TASK TO CARRY OUT | Find the line containing "How do you draw a cow step by step - Step 8", then print it and each line after it through the end of the listing exactly, with no pictures.

DATASET EXTRACT |

=-=-=

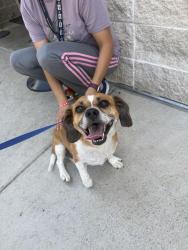 Found/Stray Male Dog last seen 35w, Fort Worth, TX 76111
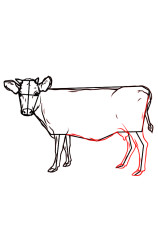 How do you draw a cow step by step - Step 8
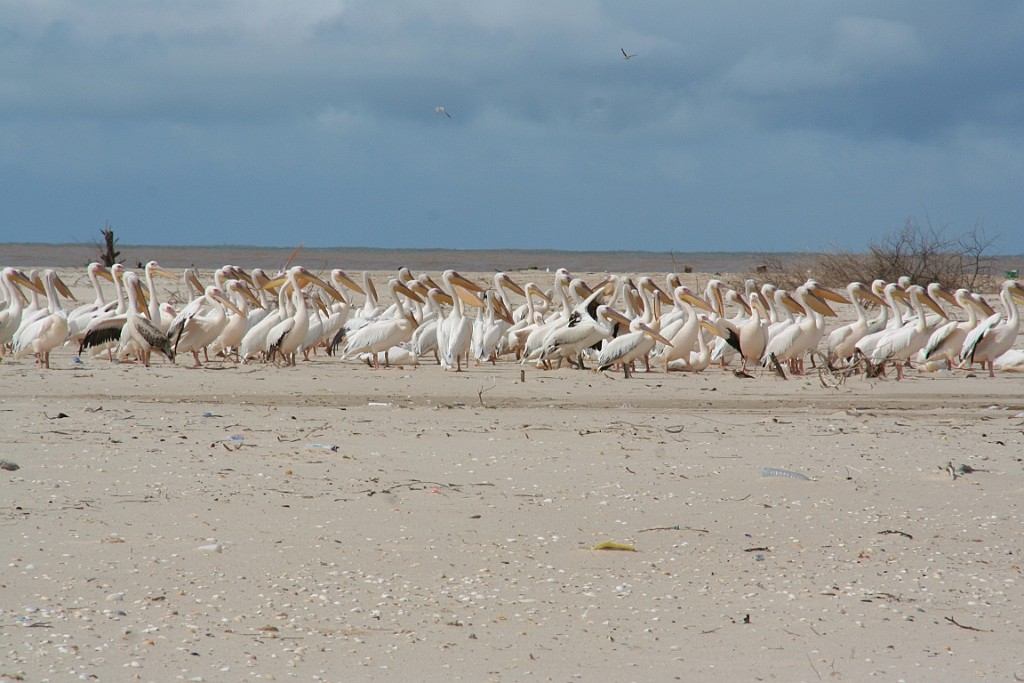 Senegal205.JPG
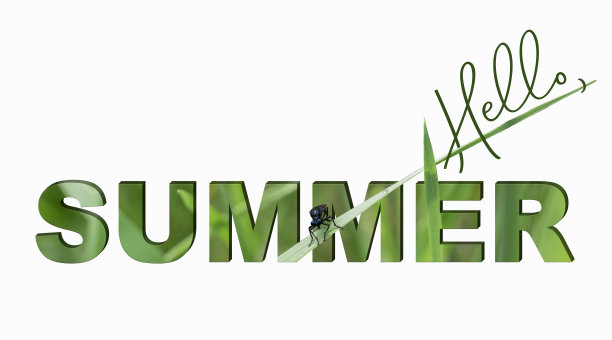 你好,夏天的铭文。图片下载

=-=-=

TASK OUTPUT |
 How do you draw a cow step by step - Step 8
 Senegal205.JPG
 你好,夏天的铭文。图片下载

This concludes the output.